[Web page caption snippets]

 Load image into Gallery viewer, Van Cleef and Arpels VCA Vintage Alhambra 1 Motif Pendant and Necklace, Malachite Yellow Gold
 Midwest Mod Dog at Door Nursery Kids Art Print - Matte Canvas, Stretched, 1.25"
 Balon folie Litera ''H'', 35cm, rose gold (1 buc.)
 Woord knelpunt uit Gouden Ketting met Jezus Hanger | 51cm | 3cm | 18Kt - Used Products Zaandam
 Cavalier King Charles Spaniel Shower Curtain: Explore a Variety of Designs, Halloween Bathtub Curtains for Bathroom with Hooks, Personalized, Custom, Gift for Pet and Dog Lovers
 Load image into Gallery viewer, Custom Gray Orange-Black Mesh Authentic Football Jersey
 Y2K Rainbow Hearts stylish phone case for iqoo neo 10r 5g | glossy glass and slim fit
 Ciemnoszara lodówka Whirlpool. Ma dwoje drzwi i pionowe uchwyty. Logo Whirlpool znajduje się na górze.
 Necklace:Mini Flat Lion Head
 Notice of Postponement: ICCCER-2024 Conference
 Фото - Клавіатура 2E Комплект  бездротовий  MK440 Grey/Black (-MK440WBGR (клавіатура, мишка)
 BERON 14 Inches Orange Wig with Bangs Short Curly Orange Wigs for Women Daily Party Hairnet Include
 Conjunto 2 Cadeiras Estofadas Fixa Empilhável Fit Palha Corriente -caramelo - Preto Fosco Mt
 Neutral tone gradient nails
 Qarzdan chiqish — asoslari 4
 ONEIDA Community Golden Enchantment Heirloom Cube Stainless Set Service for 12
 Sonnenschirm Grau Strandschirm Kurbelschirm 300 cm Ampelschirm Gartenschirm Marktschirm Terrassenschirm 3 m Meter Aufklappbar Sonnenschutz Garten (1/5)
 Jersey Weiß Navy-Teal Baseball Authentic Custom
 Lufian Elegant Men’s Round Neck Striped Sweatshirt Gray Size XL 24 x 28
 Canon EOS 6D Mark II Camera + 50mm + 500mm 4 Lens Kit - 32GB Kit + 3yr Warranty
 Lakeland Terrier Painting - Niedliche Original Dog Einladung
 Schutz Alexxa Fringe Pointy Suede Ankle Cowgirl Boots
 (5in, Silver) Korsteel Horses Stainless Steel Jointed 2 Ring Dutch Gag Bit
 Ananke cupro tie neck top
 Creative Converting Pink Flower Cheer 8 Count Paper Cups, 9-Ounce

**Exercise prompt**
Here the output must be the lines above from the line with "BERON 14 Inches" to the line with "ONEIDA Community Golden", both included, duplicated word for word and nothing else.

**Output**
 BERON 14 Inches Orange Wig with Bangs Short Curly Orange Wigs for Women Daily Party Hairnet Include
 Conjunto 2 Cadeiras Estofadas Fixa Empilhável Fit Palha Corriente -caramelo - Preto Fosco Mt
 Neutral tone gradient nails
 Qarzdan chiqish — asoslari 4
 ONEIDA Community Golden Enchantment Heirloom Cube Stainless Set Service for 12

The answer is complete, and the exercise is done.